# [Dataset section]
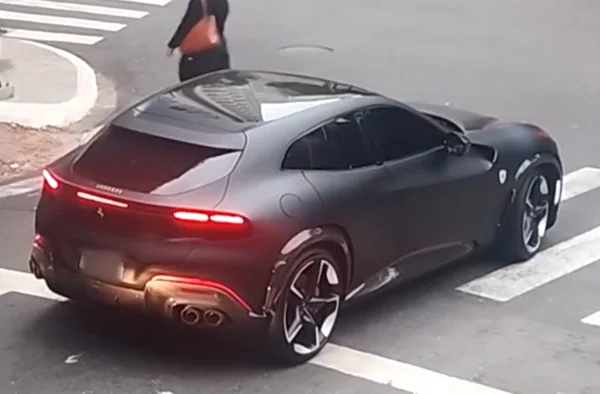 Foto colorida de Ferrari de Neymar - Metrópoles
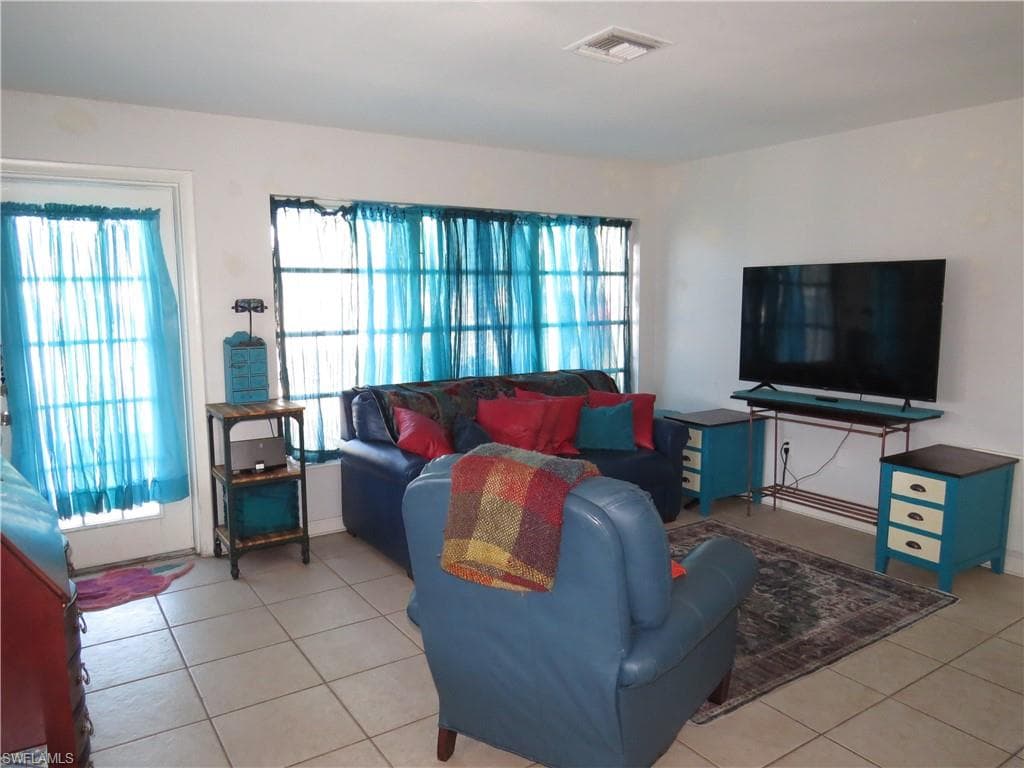 18566 Dogwood Rd, Fort Myers, FL 33967-3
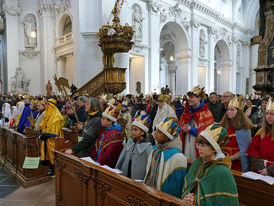 Diözesale Aussendung der Sternsinger im Hohen Dom zu Fulda (Foto:Karl-Franz Thiede)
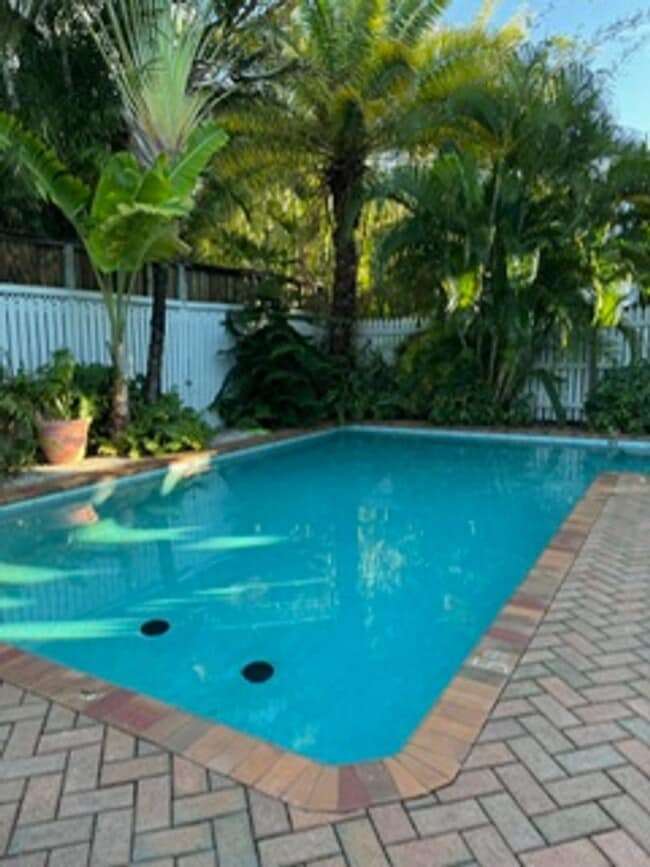 Building Photo - Old Town Cottage Ready for Move In!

# [Work task]
Print the listing word for word, but omit the pictures.

# [Completed exercise]
 Foto colorida de Ferrari de Neymar - Metrópoles
 18566 Dogwood Rd, Fort Myers, FL 33967-3
 Diözesale Aussendung der Sternsinger im Hohen Dom zu Fulda (Foto:Karl-Franz Thiede)
 Building Photo - Old Town Cottage Ready for Move In!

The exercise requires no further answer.